Kerelaan Partai Golongan Karya (Golkar) mensubstitusi calon wakil presiden dari sang ketua umum, Airlangga Hartato dengan Walikota Solo, Gibran Rakabuming Raka belum mampu mengerek elektabilitas hingga menembus dua digit. Menurut hasil survei nasional yang dirilis PatraData (23/11/2023) tingkat keterpelihan partai berlambang pohon beringin ini pada level nasional berada di urutan ketiga dengan angka 6,6%. Dalam survei yang dilakukan 25-30 Oktober 2023, atau pasca pendaftaran Gibran sebagai Cawapres dari Koalisi Indonesia Maju, posisi Golkar jauh di belakang ‘pemuncak klasemen’ PDI Perjuangan yang meraup skor 20,8 %. Atau selisih 12,3% dari Gerindra yang berada satu setrip di atasnya.
Opini ekstrim ditunjukkan dalam jajak pendapat yang dilaksanakan secara daring (online) melalui Pollingkita.com. Dimana dari 13822 audiens, Golkar hanya mendulang 2,3% yang menempatkan mereka di tangga ketiga belas atau berada di bawah nilai ambang batas parlemen (<4%).Â
Sementara pada survei Indikator Politik Indonesia yang dihelat sebelum Golkar mengumumkan secara resmi mendukung putra pertama Presiden Republik Indonesia, Joko Widodo, Sabtu (21/10/2023) silam, mereka sukses mengemas 9,4% suara. Kemudian Lembaga Survei Indonesia mengungkap elektabilitas Golkar mendekati Pemilu serentak 2024 masih berada di bawah 10%, tepatnya 7,4%. Berdasarkan survei yang dilakukan pada 16-18 Oktober 2023 peringkat Golkar berada di bawah PDIP (23%) dan Gerindra (17,1%).
Merujuk dari survei tersebut tampaknya Golkar belum lepas dari 'kutukan' penurunan suara secara nasional sepanjang pelaksanaan Pemilu di era reformasi. Bila melongok ke belakang, saat pemilu 1999 Golkar mampu menuai nila 22,43%. Namun elektabilitas mereka turun ke angka 21,57% pada pemilu 2004. Penurunan drastis terjadi pada Pemilu 2009 tatkala mereka hanya sanggup mengutip 14,45%.
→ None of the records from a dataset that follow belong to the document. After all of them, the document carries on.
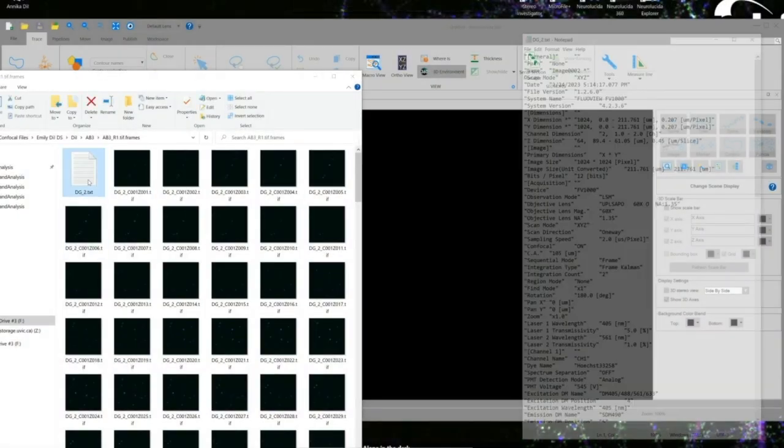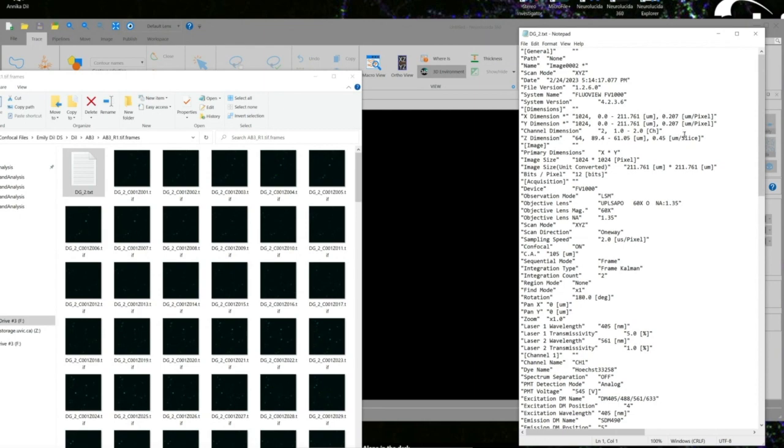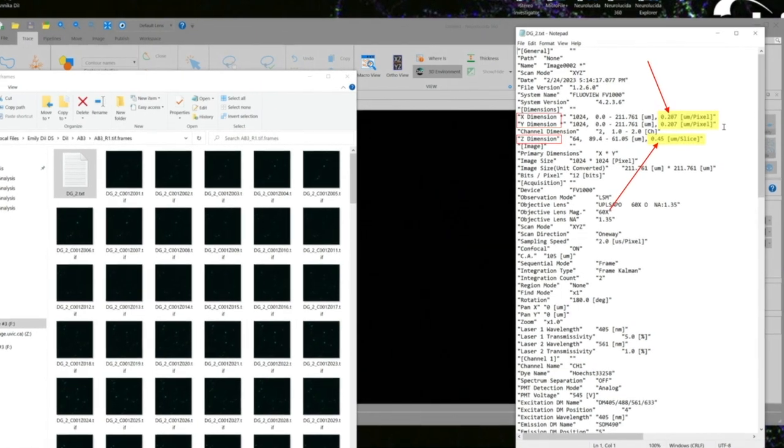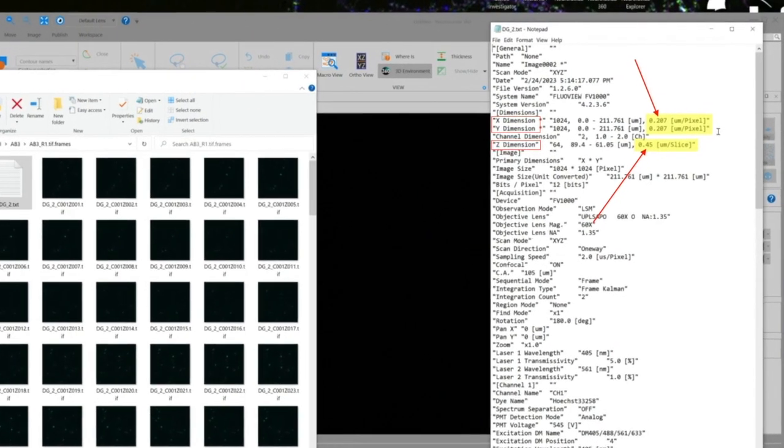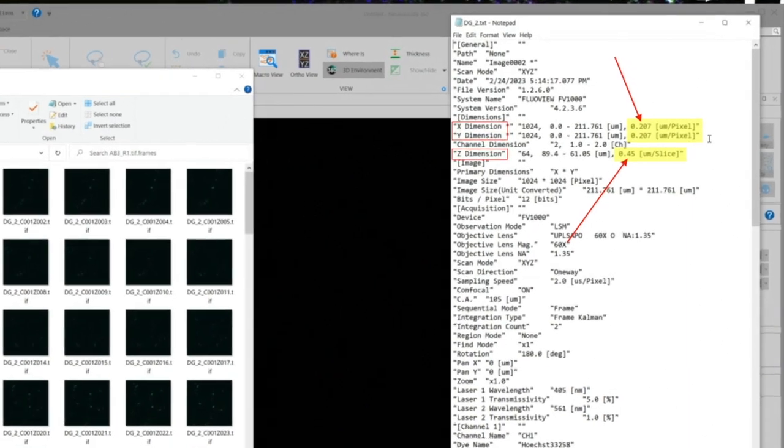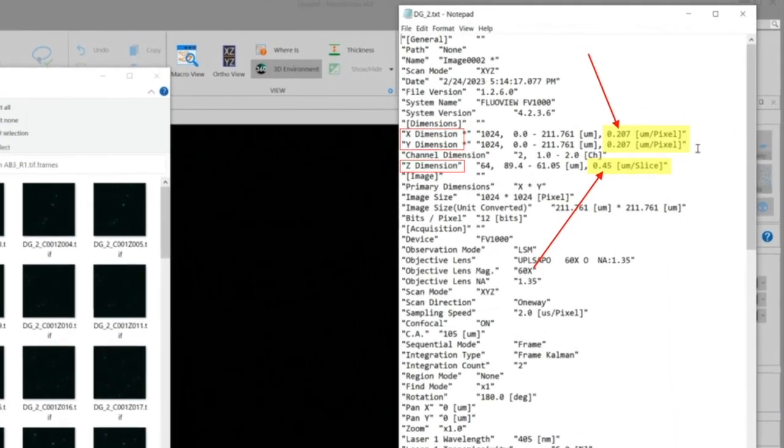Looking at the text file associated with all of our individual confocal image frames, we will make note of the scaling information for the x, y, and z dimensions.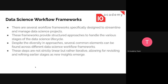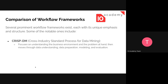There are several workflow frameworks specifically designed to streamline and manage data science projects, each providing an approach to handle the various stages of the data science life cycle. Despite their diversity in approaches, there are common elements across frameworks. Importantly, those steps are not strictly linear — they are iterative, allowing for revisiting and refining earlier stages as new insights emerge.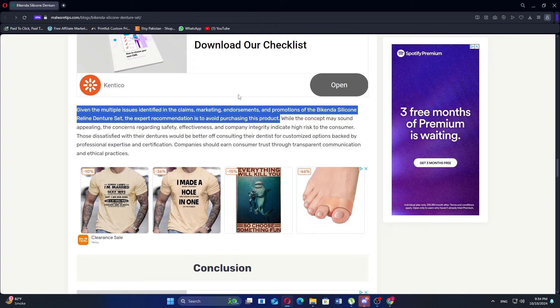Safety is another concern, as silicone is generally safe, but individuals with sensitive skin may experience allergic reactions. It is advisable for potential users to consult a healthcare professional before trying the product.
Catatan positif sempat ditorehkan Golkar saat dipimpin yang berhasil memperoleh suara sebesar (14,75%). Sayang, suara Partai yang pernah berkuasa di era Orde Baru itu kembali anjlok di Pemilu 2019, yakni 12,21%.
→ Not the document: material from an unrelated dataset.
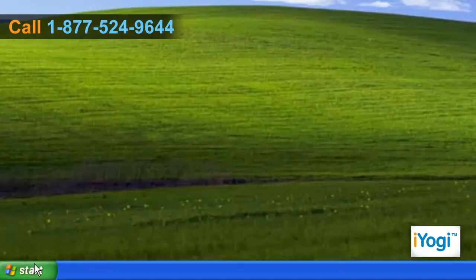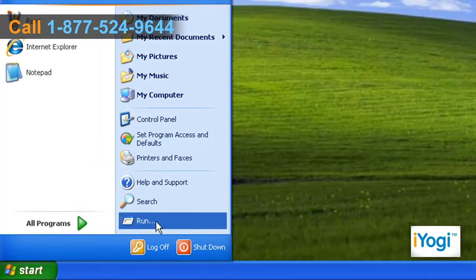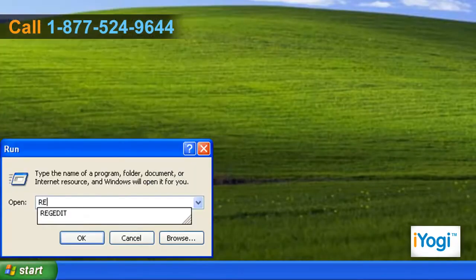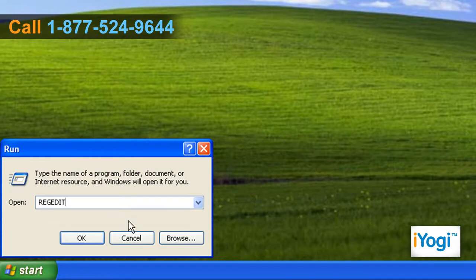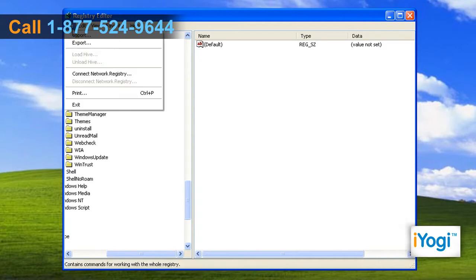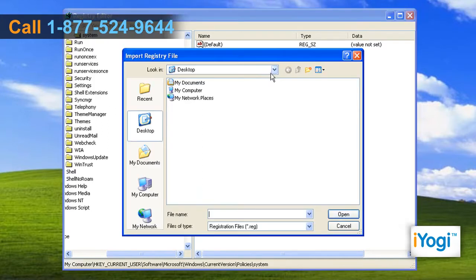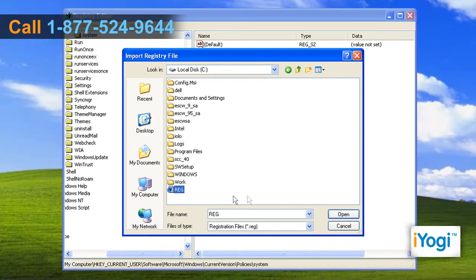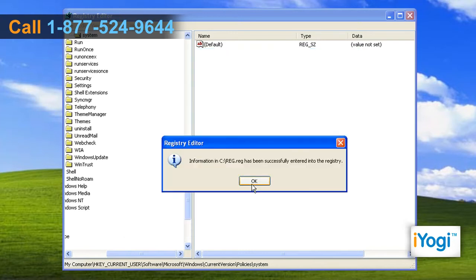Click on Start and select Run. Enter REGEDIT in the text box and click on OK. Click on File and select Import. Select the appropriate registry key file and click on Open. Click on OK.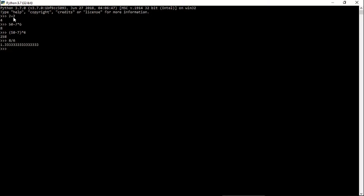Now, plus, minus, multiplication, and divide with parentheses — these are all called operators. And 2, 4, 6, 8 — these are called integers. And 1.333 — this is called a floating number. We are going to learn about these in our next session. Here we are just learning some basic things that we can do in Python.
Dengan kondisi tersebut kita bisa memaklumi langkah Partai Golkar yang mengobral tiket cawapres kepada kader PDI Perjuangan, Gibran. Layaknya cut loss, tindakan yang diambil pemangku kekuasaan di Golkar diharapkan menjadi jurus jitu agar tidak mengalami kejatuhan elektabilitas yang lebih dalam lagi. Padahal keputusan Musyawarah Nasional Golkar 2019, lantas dikuatkan lagi lewat Rapat Pimpinan Nasional 2021 sepakat mendorong Airlangga Hartanto menjadi Calon Presiden pada Pemilihan Presiden 2024 nanti. Hanya saja, Menteri Koordinator Perekonomian Indonesia itu tak punya ‘nilai jual’ yang signifikan sehingga layak dipinang oleh para koleganya di Koalisi Indonesia Maju. Bahkan Koalisi Indonesia Bersatu yang diinisiasi pun bubar. Koalisi ini layu sebelum berkembang lantaran Partai Persatuan Pembangunan memilih hijrah ke kubu Ganjar Pranowo-Mahfud MD. Menyusul kemudian Partai Amanat Nasional yang hengkang karena lebih cozy dengan Koalisi Indonesia Maju, yang sebelumnya bernama Koalisi Kebangkitan Indonesia Raya.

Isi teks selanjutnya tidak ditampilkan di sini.